Hanging in Mexico City. Drinking Clamato Sol. It's my first one.

What's your best Mexico City moment, so far?

Definitely getting moles with you and Chuck.

What's mole?

It's like a dark chocolate sauce that they put over these like fajitas, and it's really gnarly. It's pretty good.

You've been eating meat these days. Last time we spoke, you were vegan.

Yup.

And you had been vegan your whole life, right?

No. I'd been vegetarian since like 13 or 14, then vegan for around a year, when I was like 19 or 20.

And now you decided to eat meat.

Yeah. I don't like seek it out, but it's just way more convenient, and I just like stopped caring, I guess. Sometimes you just need a meal with good protein, and there you go.

You wanted to have more protein in your life.

Something like that.

Rice and beans just wasn't cutting it anymore.

I love rice and beans.

That’s gnar. Do you remember when that switch in your head went off, and you decided to become gnar? Do you know what I'm talking about?

No, not even.

I think I remember kind of like when it happened.
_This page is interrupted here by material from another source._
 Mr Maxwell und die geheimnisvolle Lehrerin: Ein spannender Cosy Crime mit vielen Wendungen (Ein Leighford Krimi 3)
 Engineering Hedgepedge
I feel like it was when you got your girlfriend, and you started getting laid regularly. It's like your confidence on your board just went through the roof, I noticed it at Taz one day.

Yeah, yeah.

Does that sound crazy?

No, people have told me that. That might have something to do with it. I don't really know. It could.

You don't see any kind of correlation or ...

Yeah, but it's not a like ... I don't think it's only because of that.

What else is it?

I don't know, maybe just finding who I am or something.

Who are you?

I'm Leon.

And what do you do?

Well, I live in Montreal. I live with Mackenzie [Carruthers] and Connor [Neeson]. I work at Compost Montreal. I've worked there for way too long. Now it sucks, because I've been working there so long. But you have to pay the rent, I guess. I have a girlfriend. I skate. I have a gym membership, listen to music, play a bit of piano.

You play piano?

Yeah, I used to when I was younger, and I started trying to get back into it this past winter.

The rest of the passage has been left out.